# Supplied material

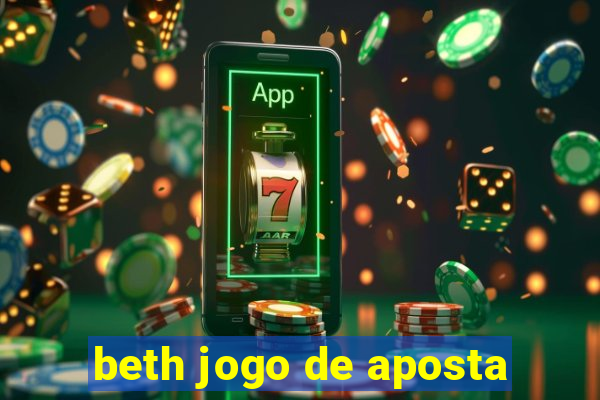 beth jogo de aposta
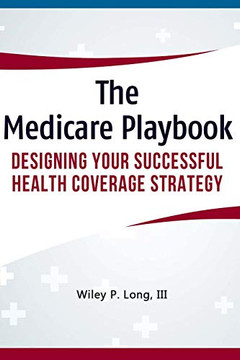 The Medicare Playbook: Designing Your Successful Health Coverage Strategy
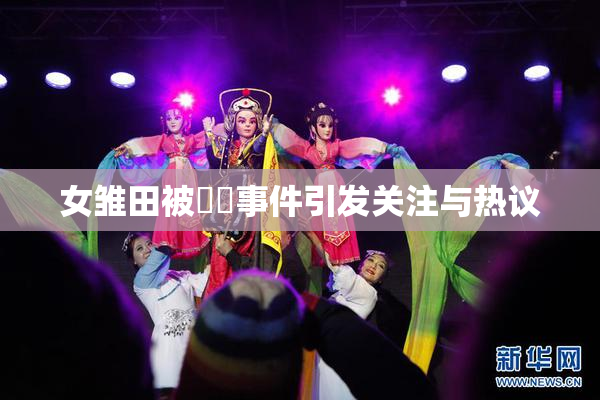 女雏田被❌‌事件引发关注与热议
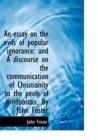 An Essay on the Evils of Popular Ignorance : And a Discourse on the Communication of Christianity to - Book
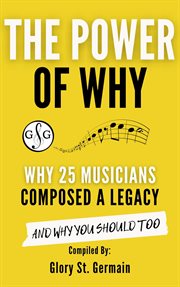 The power why: why 25 musicians composed a legacy cover image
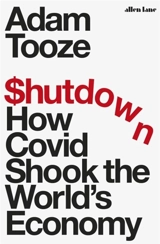 Shutdown : How Covid Shook the World's Economy - J. Adam Tooze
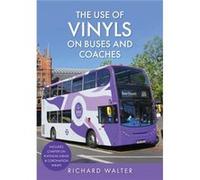 The Use of Vinyls on Buses and Coaches by Richard Walter Richard Walter (Auteur)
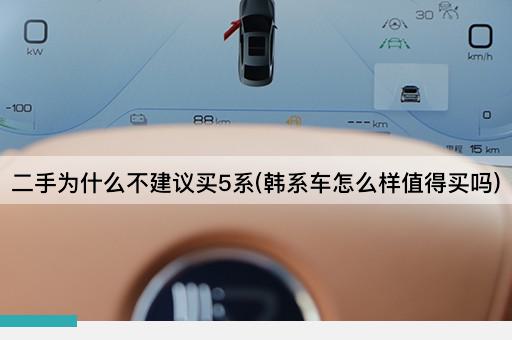 二手为什么不建议买5系(韩系车怎么样值得买吗)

# Brief
Apart from the pictures, restate all of the listing above exactly.

# Exercise response
 beth jogo de aposta
 The Medicare Playbook: Designing Your Successful Health Coverage Strategy
 女雏田被❌‌事件引发关注与热议
 An Essay on the Evils of Popular Ignorance : And a Discourse on the Communication of Christianity to - Book
 The power why: why 25 musicians composed a legacy cover image
 Shutdown : How Covid Shook the World's Economy - J. Adam Tooze
 The Use of Vinyls on Buses and Coaches by Richard Walter Richard Walter (Auteur)
 二手为什么不建议买5系(韩系车怎么样值得买吗)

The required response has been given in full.